#### WHAT YOU WILL DO
Reprint all of the data below exactly as shown and skip every image.

#### DATA SHOWN
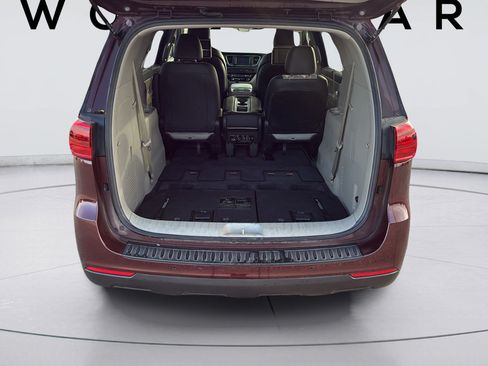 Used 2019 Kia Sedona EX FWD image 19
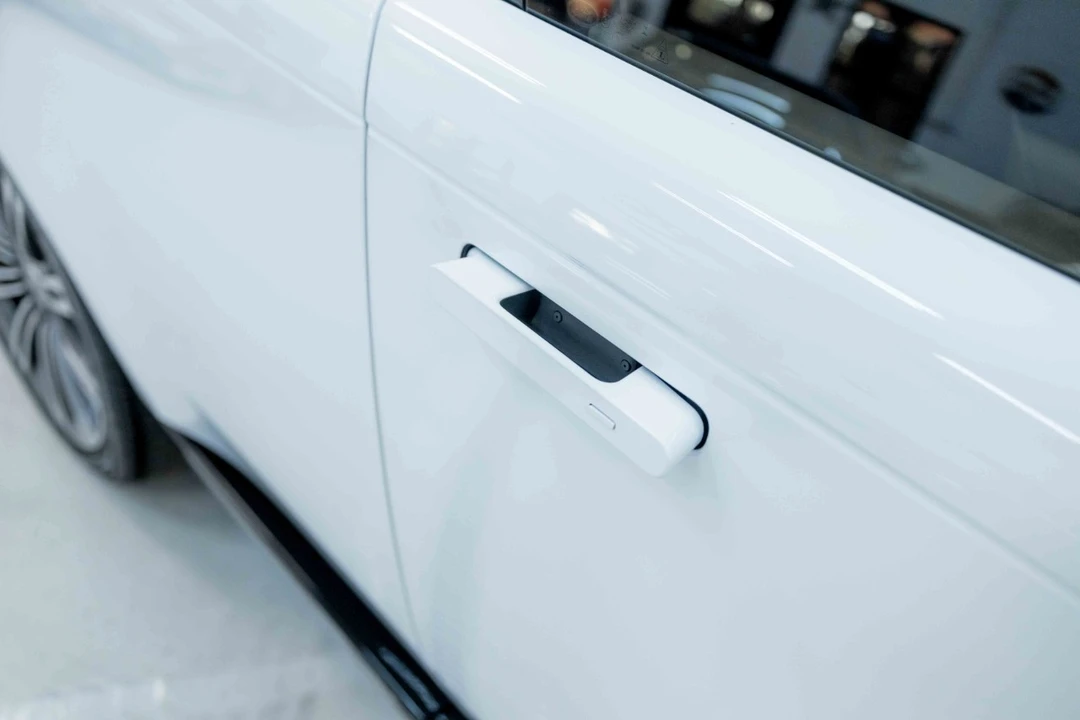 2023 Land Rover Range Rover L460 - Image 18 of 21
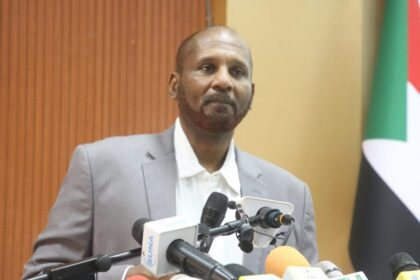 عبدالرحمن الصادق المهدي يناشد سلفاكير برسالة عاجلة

#### OUTPUT
 Used 2019 Kia Sedona EX FWD image 19
 2023 Land Rover Range Rover L460 - Image 18 of 21
 عبدالرحمن الصادق المهدي يناشد سلفاكير برسالة عاجلة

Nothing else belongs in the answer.